Empires

When I use the word “empire” most of your brains will jump to either Star Wars, a fun show about a hip hop company, or a form of government with a single ruler. All three of these fall into my definition of empire but mine is a bit more expansive. An empire is a form of hierarchy where a single entity at the top has significant influence over a widespread audience.

You are already aware of many examples of empires. The British Empire, though they never had an emperor, had vast control over regions all across the world. They used to say “the sun never set on the British Empire” which is astonishingly accurate.

The American entertainment empire has reached all parts of the globe, you can go to any country in the world and find someone with a Superman T-shirt. In the case of the entertainment empire, the entity in charge is not a person but a few companies. While you might gain enough power to become CEO of single company, you don’t have an empire unless you have a large audience that you can affect. Similarly, if you go viral for falling down hilariously in a video and gain internet fame all over the world, you might not have power to make any affect on the people that recognize you.

The formation of an empire is a natural progression of competition. If an individual is well adapted for its environment for long enough, eventually it will reign supreme over competitors. This is the case with apex predators in nature as well as governments throughout history. The Macedonian empire was very good at fighting in a manner that protected its troops so they won a lot of battles. They exploited their adapted military advantage to conquer the rival empire of Persia. After the wars, only one empire remained; and it was even more powerful and widespread than before, seizing Persian territory for their own.
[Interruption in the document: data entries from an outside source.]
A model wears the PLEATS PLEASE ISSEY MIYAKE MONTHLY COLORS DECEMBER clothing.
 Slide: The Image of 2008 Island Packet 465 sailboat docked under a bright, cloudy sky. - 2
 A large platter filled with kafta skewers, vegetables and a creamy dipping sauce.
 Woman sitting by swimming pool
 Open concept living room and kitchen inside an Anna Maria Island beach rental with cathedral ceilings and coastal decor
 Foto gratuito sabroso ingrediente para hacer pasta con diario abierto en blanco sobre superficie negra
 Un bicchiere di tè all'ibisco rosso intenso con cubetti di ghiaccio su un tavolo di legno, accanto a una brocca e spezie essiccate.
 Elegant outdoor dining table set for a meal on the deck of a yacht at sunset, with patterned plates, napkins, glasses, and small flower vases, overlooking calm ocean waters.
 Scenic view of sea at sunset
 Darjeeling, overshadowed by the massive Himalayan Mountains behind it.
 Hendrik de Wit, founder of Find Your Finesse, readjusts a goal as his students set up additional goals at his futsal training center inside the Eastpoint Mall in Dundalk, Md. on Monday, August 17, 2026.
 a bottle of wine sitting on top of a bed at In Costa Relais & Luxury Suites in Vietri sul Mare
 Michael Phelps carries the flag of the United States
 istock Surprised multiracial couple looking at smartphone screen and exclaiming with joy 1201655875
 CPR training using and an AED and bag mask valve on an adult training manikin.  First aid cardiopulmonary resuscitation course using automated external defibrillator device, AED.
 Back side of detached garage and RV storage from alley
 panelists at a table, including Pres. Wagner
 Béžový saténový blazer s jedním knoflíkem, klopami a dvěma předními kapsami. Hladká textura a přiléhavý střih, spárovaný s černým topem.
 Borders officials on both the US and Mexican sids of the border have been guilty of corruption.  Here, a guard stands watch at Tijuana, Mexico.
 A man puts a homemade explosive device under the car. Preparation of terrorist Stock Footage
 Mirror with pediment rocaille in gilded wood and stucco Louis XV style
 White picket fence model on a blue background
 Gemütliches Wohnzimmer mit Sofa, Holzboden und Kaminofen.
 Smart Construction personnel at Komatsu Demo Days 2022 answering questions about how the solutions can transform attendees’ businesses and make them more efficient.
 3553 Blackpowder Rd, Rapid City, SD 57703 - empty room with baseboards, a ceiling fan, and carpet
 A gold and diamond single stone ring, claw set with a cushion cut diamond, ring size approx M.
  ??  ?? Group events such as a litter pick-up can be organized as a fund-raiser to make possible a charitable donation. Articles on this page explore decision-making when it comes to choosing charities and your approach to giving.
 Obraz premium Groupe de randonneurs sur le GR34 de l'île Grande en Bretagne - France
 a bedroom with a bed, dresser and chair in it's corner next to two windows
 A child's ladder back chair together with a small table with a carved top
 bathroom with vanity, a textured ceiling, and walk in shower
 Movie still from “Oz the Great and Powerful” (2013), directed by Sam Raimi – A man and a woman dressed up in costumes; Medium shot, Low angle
Modern empires formed in less violent ways due to the creation of money. Corporations that grow large enough to buy other businesses only increase their influence. Let’s look at the entertainment industry. Back in the early 1980’s, about 90% of the media was controlled by fifty companies; today, the same amount is controlled by six companies. This is not just a matter of survival of the fittest, rather an active pursuit by these companies to acquire the influence of smaller companies.

Empires allow for quick decisions to be made since only one individual, or a small group in some cases, has to come to that decision. An empire also means that the decision made by just a few has implications that can affect millions of other people. Alexander decided to chase down a single Persian general which caused him to keep conquering eastward; a rather silly reason to cost the lives of thousands. Most of today’s modern companies are led by a single CEO or a board of trustees, just think about how large of an effect on the world their decisions have.